── DATA IN THIS EXERCISE ──

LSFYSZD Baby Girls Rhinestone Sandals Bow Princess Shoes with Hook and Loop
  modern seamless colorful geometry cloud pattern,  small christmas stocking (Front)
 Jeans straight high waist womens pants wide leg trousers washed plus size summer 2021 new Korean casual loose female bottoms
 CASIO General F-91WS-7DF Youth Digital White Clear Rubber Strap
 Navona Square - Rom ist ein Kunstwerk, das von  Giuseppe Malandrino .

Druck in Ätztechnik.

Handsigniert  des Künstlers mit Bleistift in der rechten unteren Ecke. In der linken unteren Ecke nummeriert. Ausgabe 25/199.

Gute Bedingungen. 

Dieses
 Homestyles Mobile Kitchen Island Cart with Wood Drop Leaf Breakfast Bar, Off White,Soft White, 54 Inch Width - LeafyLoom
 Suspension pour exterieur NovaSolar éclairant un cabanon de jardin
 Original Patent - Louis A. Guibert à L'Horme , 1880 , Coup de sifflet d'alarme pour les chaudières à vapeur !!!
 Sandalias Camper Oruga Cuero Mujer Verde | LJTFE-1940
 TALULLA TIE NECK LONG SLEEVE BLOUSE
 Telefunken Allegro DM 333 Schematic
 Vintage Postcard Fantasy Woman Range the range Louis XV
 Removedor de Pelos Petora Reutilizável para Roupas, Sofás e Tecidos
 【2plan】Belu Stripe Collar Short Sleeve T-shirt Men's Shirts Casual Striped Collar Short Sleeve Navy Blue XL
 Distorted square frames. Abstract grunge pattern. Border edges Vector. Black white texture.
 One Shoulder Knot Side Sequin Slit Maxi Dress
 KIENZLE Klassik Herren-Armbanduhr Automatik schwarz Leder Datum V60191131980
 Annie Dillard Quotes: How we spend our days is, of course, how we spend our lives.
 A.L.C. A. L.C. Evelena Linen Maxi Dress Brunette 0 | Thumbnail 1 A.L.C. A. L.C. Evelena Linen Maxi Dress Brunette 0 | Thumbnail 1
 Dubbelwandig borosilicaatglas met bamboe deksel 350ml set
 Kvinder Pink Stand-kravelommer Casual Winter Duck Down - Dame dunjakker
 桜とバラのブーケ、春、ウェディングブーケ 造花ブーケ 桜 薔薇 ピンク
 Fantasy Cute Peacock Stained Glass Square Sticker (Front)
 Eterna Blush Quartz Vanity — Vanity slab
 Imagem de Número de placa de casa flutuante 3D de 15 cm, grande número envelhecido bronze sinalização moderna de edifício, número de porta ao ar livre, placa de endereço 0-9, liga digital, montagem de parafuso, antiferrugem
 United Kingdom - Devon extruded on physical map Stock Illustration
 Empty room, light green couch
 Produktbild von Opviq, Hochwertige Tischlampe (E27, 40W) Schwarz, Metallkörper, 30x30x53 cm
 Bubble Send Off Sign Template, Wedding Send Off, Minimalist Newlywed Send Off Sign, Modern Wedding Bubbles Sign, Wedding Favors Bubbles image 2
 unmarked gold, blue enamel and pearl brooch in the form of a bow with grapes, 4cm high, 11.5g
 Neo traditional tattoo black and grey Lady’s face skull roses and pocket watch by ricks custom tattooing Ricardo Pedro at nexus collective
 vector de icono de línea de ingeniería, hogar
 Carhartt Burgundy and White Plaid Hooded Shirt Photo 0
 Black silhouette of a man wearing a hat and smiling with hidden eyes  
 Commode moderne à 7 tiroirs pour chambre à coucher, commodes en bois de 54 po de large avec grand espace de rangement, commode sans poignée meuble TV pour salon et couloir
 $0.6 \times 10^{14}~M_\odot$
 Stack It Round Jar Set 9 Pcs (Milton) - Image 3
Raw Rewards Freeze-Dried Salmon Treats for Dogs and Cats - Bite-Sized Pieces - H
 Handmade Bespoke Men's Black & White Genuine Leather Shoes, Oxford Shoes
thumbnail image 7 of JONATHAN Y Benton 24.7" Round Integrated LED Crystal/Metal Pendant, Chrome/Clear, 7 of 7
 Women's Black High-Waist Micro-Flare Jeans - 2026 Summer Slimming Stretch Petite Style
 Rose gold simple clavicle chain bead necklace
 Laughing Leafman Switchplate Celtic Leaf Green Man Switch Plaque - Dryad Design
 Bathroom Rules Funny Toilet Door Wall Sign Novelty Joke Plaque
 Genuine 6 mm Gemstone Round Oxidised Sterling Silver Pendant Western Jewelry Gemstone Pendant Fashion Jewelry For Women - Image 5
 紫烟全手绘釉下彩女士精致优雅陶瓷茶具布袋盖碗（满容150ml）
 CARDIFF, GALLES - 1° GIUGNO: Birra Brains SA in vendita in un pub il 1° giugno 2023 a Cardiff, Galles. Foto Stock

───

Take the lines above from the one containing "CASIO General F-91WS-7DF" to the one containing "Suspension pour exterieur" and retype them exactly, both ends included, with nothing added.

▶ ANSWER SPACE
 CASIO General F-91WS-7DF Youth Digital White Clear Rubber Strap
 Navona Square - Rom ist ein Kunstwerk, das von  Giuseppe Malandrino .

Druck in Ätztechnik.

Handsigniert  des Künstlers mit Bleistift in der rechten unteren Ecke. In der linken unteren Ecke nummeriert. Ausgabe 25/199.

Gute Bedingungen. 

Dieses
 Homestyles Mobile Kitchen Island Cart with Wood Drop Leaf Breakfast Bar, Off White,Soft White, 54 Inch Width - LeafyLoom
 Suspension pour exterieur NovaSolar éclairant un cabanon de jardin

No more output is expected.